Recintos de tripas a medio pudrir
Existen libros que comienzan a leerse desde el mismo diseño de cubierta. Unas tijeras. Abiertas, cuasi oxidadas. No lo comprendo, pero empiezo, con deseo, a batir las páginas como en un vuelo. Tal vez al final... Me sorprende la prosa directa, atropellada, telegráfica, sin respiro de Ferdinand. De los dos: autor y personaje, que son lo mismo. Sin empaques ni dulzuras me atrapa, me presiona... me duele. En ocasiones, cuando estoy convencido de que me estoy aburriendo con sus tropelías americanas, de repente, sin quererlo como que me despisto y me instala de nuevo dentro, en tan solo un par de párrafos. Tan raudos, tan cicatrizantes, tan doloridos. Con unas descripciones tan cortas, tan poco perezosas, tan admirables: "Las tejas musgosas caen rodando sobre los salientes adoquines, como sólo existen ya en Versalles y en las prisiones venerables".
Lo más curioso es que Ferdinand no me cae especialmente bien, ni siquiera siento compasión por él. No comparto el nihilismo sin límites ni en su idea de verdad ("la verdad del mundo es la muerte"), ni en el sentido que le otorga a la existencia ("somos más desgraciados que la mierda", aunque me partí de la risa al leerlo), ni en su desencantada concepción de la condición humana ("confiar en los hombres, es ya, dejarse matar un poco"). Me daña ese estilo tan de Plauto ("Lupus est homo homini") a pesar de la acidez de su discurso, de su descarnada y lacerante ironía. Su discurrir díscolo por las colonias francesas en África me hacen rememorar a Corad, El corazón de las tinieblas. Tal vez de lo poco que me recuerda a algo literario anterior a Céline.
Pero Ferdinand comparte dos cualidades con el embaucador Lord Henry de Wilde que lo han hecho absolutamente perdonable. Su enconado pragmatismo que me ganó, me dominó, me tronchó en muchos momentos: "(pensé) si no iríamos a canearnos, pero en primer lugar no teníamos sitio, siendo cuatro en el taxi". Y dos, su reconocido hedonismo: "la felicidad en la tierra sería morir con placer, en pleno placer... el resto no es nada". La generación beat, el underground... los trópicos sexuales a los que nos condujo Miller existen, dependen, fueron pensados en virtud de la abrupta claridad literaria y sin censuras de Céline. Incluso el inefable Ignatius de Toole bebe de las fuentes de El viaje... como toda la literatura posterior, como todo el siglo XX. Quizá.

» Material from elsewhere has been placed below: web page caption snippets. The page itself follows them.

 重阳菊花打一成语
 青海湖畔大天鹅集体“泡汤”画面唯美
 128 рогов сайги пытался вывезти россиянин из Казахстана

"El viaje es la búsqueda de esa nulidad", "y a fuerza de verte echado a la calle en todas partes, seguro que acabará descubriendo lo que da tanto miedo a todos, y que debe encontrarse al fin de la noche" se dice a sí mismo Ferdinand en mitad de la obra mientras avanza y retrocede en su indeseado camino sin retorno. Mientras, odia el empacho de los ricos y la tontería de los pobres ("existen dos humanidades muy diferentes"), desprecia la generosidad ("la miseria persigue implacable al altruismo"), la ética en cualquiera de sus formas ("la moral de la humanidad me la trae floja, como a todo el mundo")... Va a su rollo, una y otra vez. Sin esperar, sin confiar, tan solo como la única forma que entiende para lograr sobrevivir. Entonces, en medio de esa nulidad, cuando estás a punto de odiar a Ferdinand, a los dos, sucede. Todo cobra un sentido perfecto, inaudito, salpicado de propio fracaso: "no encontraba nada de lo que se necesita para diñarla, sólo malicias".
Los dos Ferdinand, me la traen floja sus panfletos, lo que digan de él/de ellos sus paisanos... Una tijeras. Cuasi oxidadas. Lo entiendo. Céline lo ha hecho todo trizas. Incluido a mí.